The Taxpayer Responsibility, Accountability, and Consistency Act of 2009 was introduced in Congress last year and it allows individuals classified as independent contractors to petition the IRS to determine their correct classification. As it stands today, an employer or a worker can ask for an IRS analysis utilizing IRS Form 88: Determination of Worker Status for Purposes of Federal Employment Taxes and Income Tax Withholding. If passed, the current proposed legislation would expose employers with independent contractors to an increased chance of investigation and more severe monetary penalties. According to Mark Schoeff, Jr., the Department of Labor (DOL) is allocating $ 25 million (in their proposed budget for fiscal year 2011) in a joint initiative with the Department of the Treasury to specifically investigate and target employers that misclassify workers.

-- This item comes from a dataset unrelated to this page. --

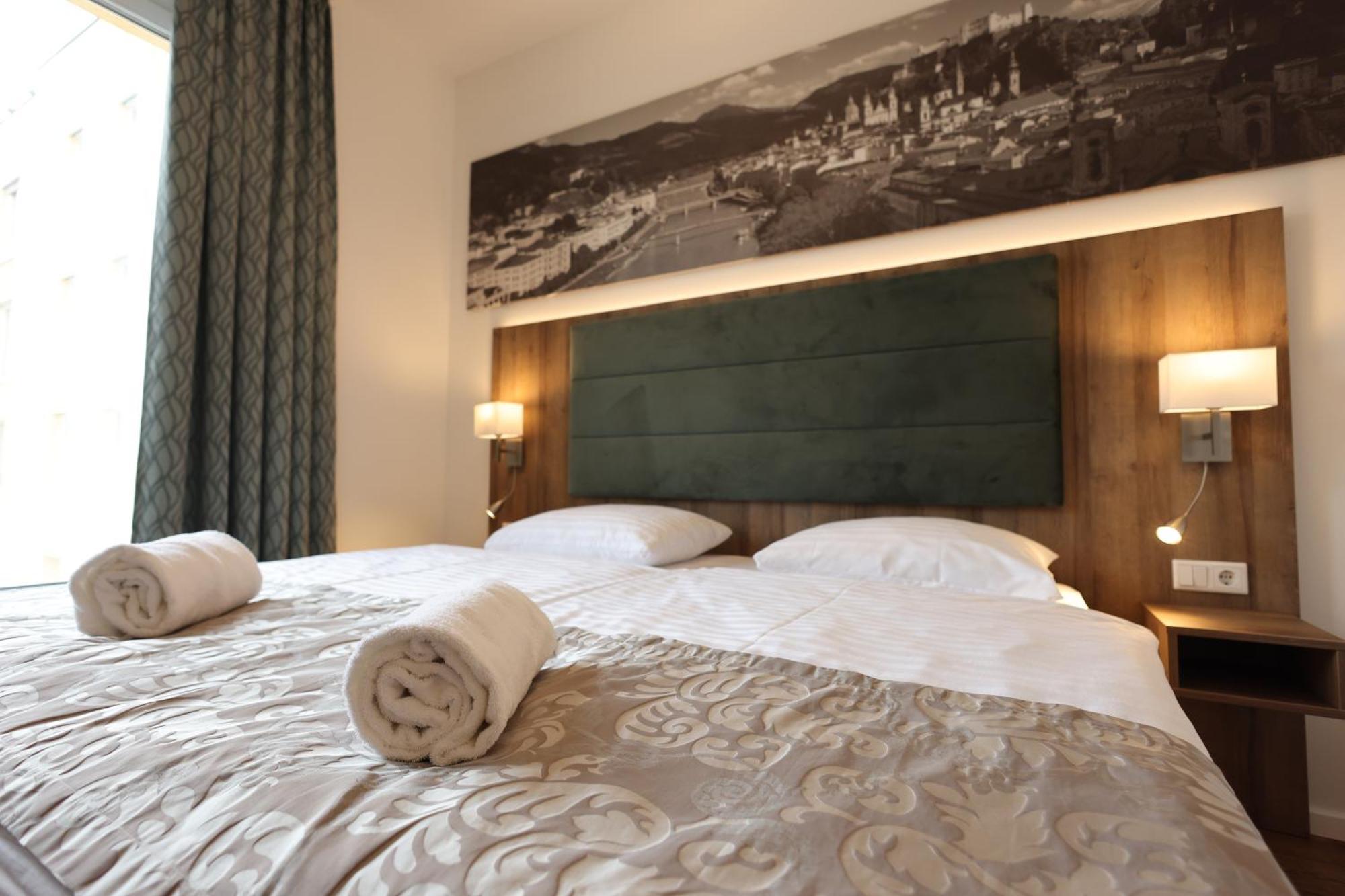 Hotel Altstadt Hofwirt 3*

It is important to also note that many states have passed laws aimed directly at the misclassification issue. Currently, Illinois, Colorado, Maryland, Massachusetts, New Jersey and New Mexico have passed laws that target the construction industry, as it has been an industry rife with misclassification issues. An Illinois construction contractor received a fine of $ 328,500 in December 2009 for incorrectly classifying 18 workers as independent contractors instead of employees. Other states have enacted task forces specifically created to find instances of misclassification.
Experts agree that the best defense against misclassification is for companies to look beyond independent contractor work agreements, analyze the actual work that is being done by the worker, and perform continual rigorous internal evaluations of pay practices. As the old saying goes "If it walks like a duck, quacks like a duck, and looks like a duck, it must be a duck." If a worker classified as an independent contractor looks like an employee, works like an employee, and is under the same controls as an employee, the more likely they will be determined to be an employee. The more you treat a worker like an employee, the more they will be considered an employee, especially in this era of heightened scrutiny. Failure to classify workers correctly can be quite costly. In addition to assessment of payroll taxes and penalties, employers may face insurance considerations such as workers compensation premiums. The misclassification of workers also opens the door to private causes of action from workers such as back pay, overtime pay, lost benefits and liquidated damages.